Türkiye’de bugün insan hakları ortamının karşı karşıya bulunduğu bu ağır ve yapısal sorunlar, siyasal rejimin geçirmekte olduğu otoriter dönüşümle doğrudan ilgilidir. Bu dönüşümün ‘sistematik hak ihlali yapan bir devlet pratiği’nden ‘hak temelli bir rejim fikrinin topyekûn terk edilmesi’ne doğru bir gidişat olarak şekillendiğini söylemek mümkün.
Son dönemde Türkiye’de yaşanmakta olan yaygın ve sistematik insan hakları ihlallerine ilişkin veri ve değerlendirmeler Türkiye’deki yanısıra uluslararası düzeydeki pek çok insan hakları kurumunun raporlarında da yer almaktadır. Avrupa Konseyi İnsan Hakları Komiserinin “Türkiye’de muhalefete karşı oluşan ciddi anlamda hasmane ortama ve genel olarak vatandaşlar ile sivil toplumun demokratik özgürlüklerine getirilen ağır kısıtlamalara dikkat çekmek” amacı ile 5 Mart 2024 tarihinde yayınlandığı memorandum bu konudaki son örneklerden birisini oluşturmaktadır.

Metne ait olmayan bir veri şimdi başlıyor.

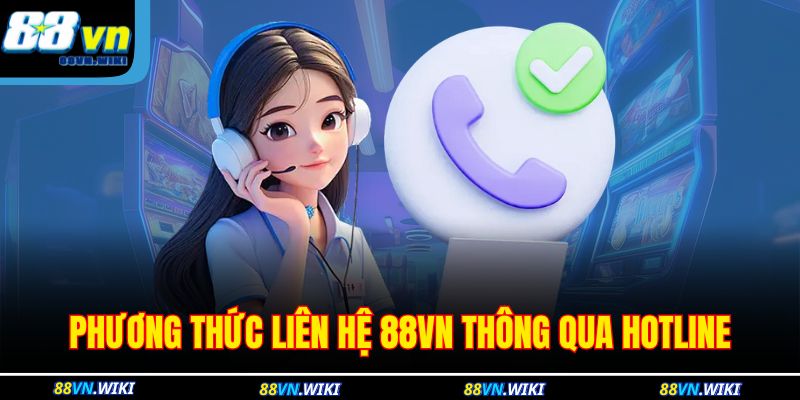 Phương Thức Liên Hệ 88VN 1 Phương thức liên hệ 88VN thông qua hotline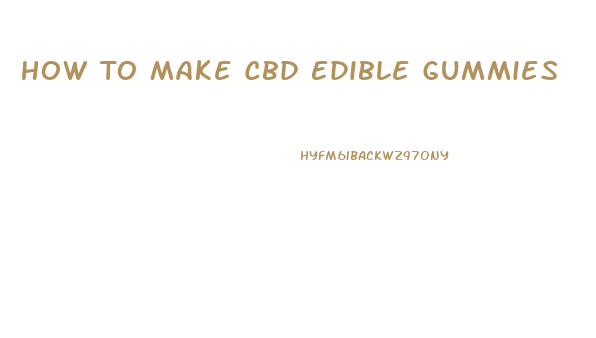 How To Make Cbd Edible Gummies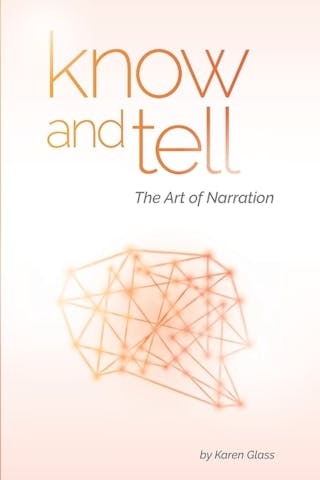 Know and Tell: The Art of Narration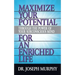 Maximize Your Potential Through the Power of Your Subconscious Mind for an Enriched Life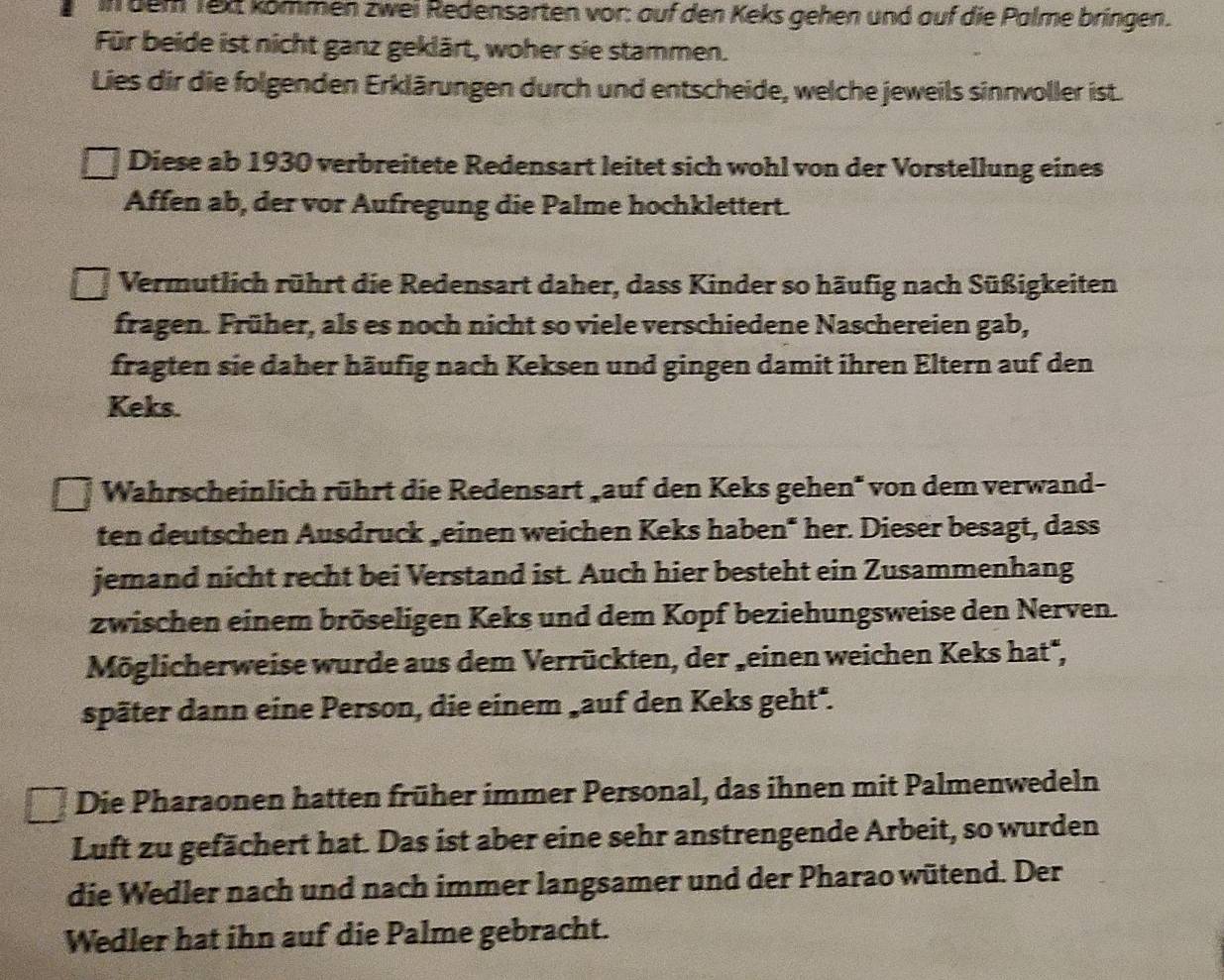 in bem Tex kömmen zwei Redensarten vor: auf den Keks gehen und auf die Palme bringen. 
Für beide ist nicht ganz geklärt, woher sie stammen. 
Lies dir die folgenden Erklärungen durch und entscheide, welche jeweils sinnvoller ist. 
Diese ab 1930 verbreitete Redensart leitet sich wohl von der Vorstellung eines 
Affen ab, der vor Aufregung die Palme hochklettert. 
Vermutlich rührt die Redensart daher, dass Kinder so häufig nach Süßigkeiten 
fragen. Früher, als es noch nicht so viele verschiedene Naschereien gab, 
fragten sie daher häufig nach Keksen und gingen damit ihren Eltern auf den 
Keks. 
Wahrscheinlich rührt die Redensart 'auf den Keks gehen'' von dem verwand- 
ten deutschen Ausdruck geinen weichen Keks haben* her. Dieser besagt, dass 
jemand nicht recht bei Verstand ist. Auch hier besteht ein Zusammenhang 
zwischen einem bröseligen Keks und dem Kopf beziehungsweise den Nerven. 
Möglicherweise wurde aus dem Verrückten, der 'einen weichen Keks hat*, 
später dann eine Person, die einem 'auf den Keks geht". 
Die Pharaonen hatten früher immer Personal, das ihnen mit Palmenwedeln 
Luft zu gefächert hat. Das ist aber eine sehr anstrengende Arbeit, so wurden 
die Wedler nach und nach immer langsamer und der Pharao wütend. Der 
Wedler hat ihn auf die Palme gebracht.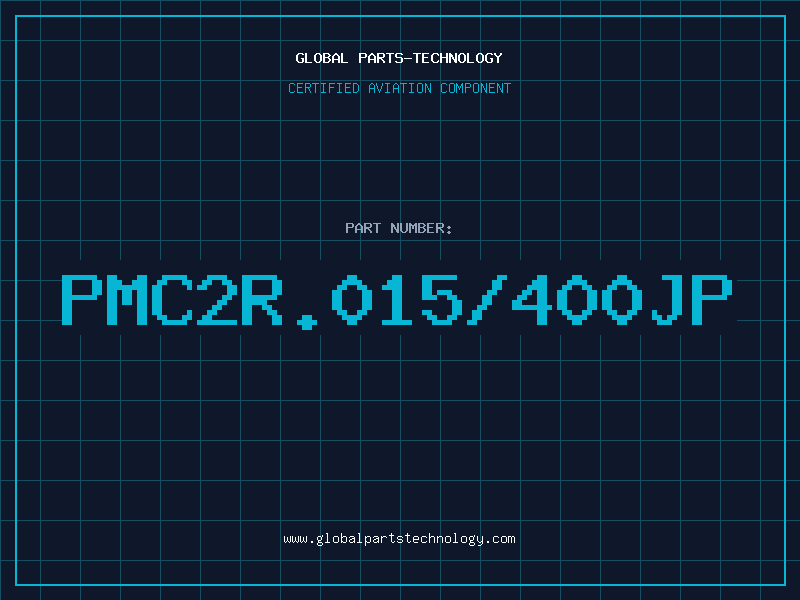 Aviation Part PMC2R.015/400JP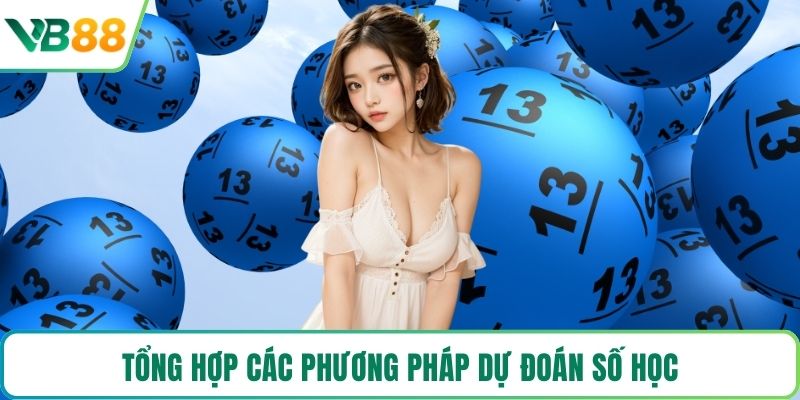 Tổng hợp các phương pháp dự đoán số học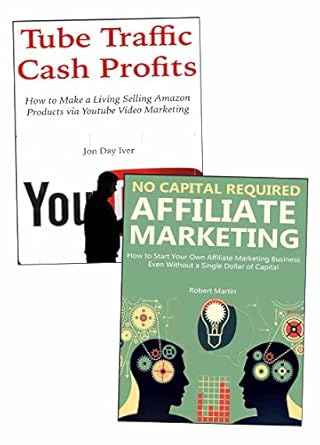 Unlock Passive Income Potential: A Comprehensive Review of ‘Start Your Affiliate Business from Absolute Scratch: 2 Internet Affiliate Business Ideas. YouTube Promotions & No Capital Affiliate Marketing’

Söz konusu memorandumda Komiser, “gazetecilerin, insan hakları savunucularının ve sivil toplumun uygulanan sistemik baskı ve hukuki yaptırımlar ile belirginleşen ciddi anlamda hasmane bir ortamda faaliyetlerini yürüttüklerini, Türkiye’de ifade özgürlüğünün tehlike altında olduğunu” ifade etmiştir.
Bu bölümde yer verilen bu kısa değerlendirme ışığında, bu ağır krizi aşabilmeye yönelik ülke düzeyinde ve uluslararası ortamda dayanışma ve iş birliğinin, yaşamın tüm alanlarında insan haklarının ‘kurucu rolünü’ yeniden öne çıkaran bir yaklaşımı etkin kılmaya çalışarak, geliştirilmesi ve güçlendirilmesini sağlamak insan hakları hareketinin özneleri olarak en asli görevimiz olsa gerektir. Doğal olarak bu konuda etkin bir şekilde çaba göstermek TİHV’in özel bir gündemini oluşturmaktadır.
2024 Yerel Seçimleri süreci
Kuşkusuz demokratik siyasal değişim süreci salt seçimlere daraltılması olanaklı değil ise de 2023 Mayıs ayındaki Cumhurbaşkanlığı ile genel seçimlerden sonra 31 Mart 2024 tarihinde her düzeyde tahribatın yaşandığı bir ortamda gerçekleşen Yerel Seçimlerin, pek çok kesimin de ifade ettiği gibi, Türkiye’nin geleceği açısından önemi aşikârdır.
Bu seçim sürecinde de her ne kadar bir ölçüye kadar anlaşılabilir sebeplerle özel olarak pek gündeme getirilmemiş olsa da, 2023 seçimlerinin Birleşmiş Milletler tarafından 2021 yılında yayımlanan “Seçimlere İlişkin İnsan Hakları Standartları Rehberi”nde yer alan kriterler ışığında ‘adil, dürüst ve güvenilir seçimler’ olarak nitelenemeyeceğini belirtmek isteriz.
Fiili/de facto OHAL koşullarında dahası özel olarak keyfi gözaltı uygulamalarının sıradanlaştırılmaya çalışıldığı, özellikle Kürtlerin yoğun yaşadığı yerleşim birimlerinde gündeme gelen “taşıma seçmenler”in söz konusu olduğu bir ortamda özgür ve gerçek seçimlerden söz edebilmenin olanaklı olmadığını hatırlatmak isteriz.
Bir yandan 31 Mart gecesi itibari ile toplumun pek çok kesimdeki yeniden hissedilen temkinli umut, öte yandan insan haklarına dayalı rejim fikriyatından uzaklaştığı gerçeği ülkenin kritik bir dönemeçte olduğunu ortaya koymaktadır.
Böyle bir dönemde siyasal alanın dönüştürücü gücünün esas olarak insan hakları değer ve ilkelerine dayalı yeni bir ortak yaşam tahayyülünü eylemli bir şekilde sahiplenen toplumsal kesimlerin etkin katılımı sağlanabildiği ölçüde anlamlı hâle gelebileceğini özel olarak bir kez daha vurgulamakta yarar olsa gerektir.